Similarly, when dealing with my mother, one always had to act in a delicate and prescribed way, though the exact rules of protocol seemed to shift frequently and without advance notice. One day, running out of milk was a problem easily dealt with, but on the next it was a symbol of her children's selfishness, our father's failure, and her tragic, wasted life. Lack of money, it was driven into us, was the root of all our unhappiness. So as Stephen and I drove through those "bourgeois" suburbs (my radical older brothers had taught me to identify them as such), I genuinely believed that if our family were as well-off as those families, the extra carton of milk would not have been an issue, and my mother would have been more than delighted to buy gallon after gallon until the house fairly spilled over with fresh milk.

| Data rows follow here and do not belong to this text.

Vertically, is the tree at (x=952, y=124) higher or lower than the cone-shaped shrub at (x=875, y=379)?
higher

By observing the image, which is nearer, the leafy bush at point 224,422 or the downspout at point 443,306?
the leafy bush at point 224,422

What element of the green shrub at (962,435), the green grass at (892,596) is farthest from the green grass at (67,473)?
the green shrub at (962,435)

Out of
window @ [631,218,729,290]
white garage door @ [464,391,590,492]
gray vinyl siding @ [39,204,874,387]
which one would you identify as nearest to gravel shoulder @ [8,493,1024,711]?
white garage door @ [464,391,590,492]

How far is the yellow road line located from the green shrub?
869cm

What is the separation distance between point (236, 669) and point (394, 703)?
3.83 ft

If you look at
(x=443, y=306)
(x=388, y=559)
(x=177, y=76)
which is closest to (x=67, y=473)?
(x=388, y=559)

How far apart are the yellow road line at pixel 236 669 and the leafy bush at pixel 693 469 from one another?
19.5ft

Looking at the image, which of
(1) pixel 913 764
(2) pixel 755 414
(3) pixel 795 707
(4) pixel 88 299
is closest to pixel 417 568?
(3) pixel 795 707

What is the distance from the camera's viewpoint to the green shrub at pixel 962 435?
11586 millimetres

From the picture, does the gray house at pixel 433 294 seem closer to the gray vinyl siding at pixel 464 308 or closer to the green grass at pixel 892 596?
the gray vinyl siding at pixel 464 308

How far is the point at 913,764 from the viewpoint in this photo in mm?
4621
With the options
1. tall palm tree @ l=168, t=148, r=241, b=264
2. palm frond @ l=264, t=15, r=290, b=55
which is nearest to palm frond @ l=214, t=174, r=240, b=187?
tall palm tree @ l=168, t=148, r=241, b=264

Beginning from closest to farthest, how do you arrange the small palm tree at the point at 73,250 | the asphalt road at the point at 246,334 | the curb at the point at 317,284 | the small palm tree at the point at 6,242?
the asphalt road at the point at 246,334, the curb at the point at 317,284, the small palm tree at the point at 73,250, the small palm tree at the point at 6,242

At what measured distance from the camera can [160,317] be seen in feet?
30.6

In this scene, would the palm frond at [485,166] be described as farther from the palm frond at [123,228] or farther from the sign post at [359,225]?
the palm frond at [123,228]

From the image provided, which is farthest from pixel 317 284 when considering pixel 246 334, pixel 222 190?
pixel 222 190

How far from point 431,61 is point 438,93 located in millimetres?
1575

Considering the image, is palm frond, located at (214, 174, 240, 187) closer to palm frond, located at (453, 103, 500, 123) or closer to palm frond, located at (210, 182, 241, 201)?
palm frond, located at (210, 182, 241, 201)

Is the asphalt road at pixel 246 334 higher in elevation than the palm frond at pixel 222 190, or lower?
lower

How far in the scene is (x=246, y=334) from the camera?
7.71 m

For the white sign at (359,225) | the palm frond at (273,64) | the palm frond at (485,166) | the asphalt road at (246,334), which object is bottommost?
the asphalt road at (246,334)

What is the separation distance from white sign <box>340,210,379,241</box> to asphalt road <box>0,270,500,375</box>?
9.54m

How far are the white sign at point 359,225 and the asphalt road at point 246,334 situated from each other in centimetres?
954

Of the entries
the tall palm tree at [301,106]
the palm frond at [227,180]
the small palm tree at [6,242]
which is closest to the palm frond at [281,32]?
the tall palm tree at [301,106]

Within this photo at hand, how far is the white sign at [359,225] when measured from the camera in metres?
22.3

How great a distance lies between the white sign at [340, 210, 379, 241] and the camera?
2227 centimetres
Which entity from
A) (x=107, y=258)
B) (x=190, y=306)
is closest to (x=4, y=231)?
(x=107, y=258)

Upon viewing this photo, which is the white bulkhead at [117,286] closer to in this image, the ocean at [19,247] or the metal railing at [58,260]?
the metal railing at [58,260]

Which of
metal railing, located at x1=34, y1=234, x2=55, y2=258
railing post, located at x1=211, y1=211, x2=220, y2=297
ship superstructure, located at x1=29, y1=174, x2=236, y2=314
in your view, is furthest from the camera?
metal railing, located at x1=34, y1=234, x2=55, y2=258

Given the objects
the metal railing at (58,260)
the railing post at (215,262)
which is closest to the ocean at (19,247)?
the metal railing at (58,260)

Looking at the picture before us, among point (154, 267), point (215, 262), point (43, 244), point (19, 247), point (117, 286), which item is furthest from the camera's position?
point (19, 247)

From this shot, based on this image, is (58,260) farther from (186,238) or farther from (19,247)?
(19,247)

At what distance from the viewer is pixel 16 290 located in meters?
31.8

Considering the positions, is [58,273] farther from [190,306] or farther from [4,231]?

Though our whole family shared the burden of my mother's anger, in my heart I suspected that part of it was my fault and my fault alone. Cancer is an obscenely expensive illness; I saw the bills, I heard their fights. There was no doubt that I was personally responsible for a great deal of my family's money problems: ergo, I was responsible for my mother's unhappy life. During my parents' many fights over money, I would sit in the kitchen in silence, unable to move even after my brothers and sisters had fled to their bedrooms. I sat listening as some kind of penance.

The parents who presided over the pony parties never fought, or at least not about anything significant, of this I felt sure. Resentment made me scorn them, their gauche houses, their spoiled children. These feelings might have been purely political, like those of my left-wing brothers (whose philosophies I understood very little of), if it weren't for the painfully personal detail of my face.

"What's wrong with her face?"

The mothers bent down to hear this question and, still bent over, they'd look over at me, their glances refracting away as quickly and predictably as light through a prism. I couldn't always hear their response, but I knew from experience that vague pleas for politeness would hardly satisfy a child's curiosity.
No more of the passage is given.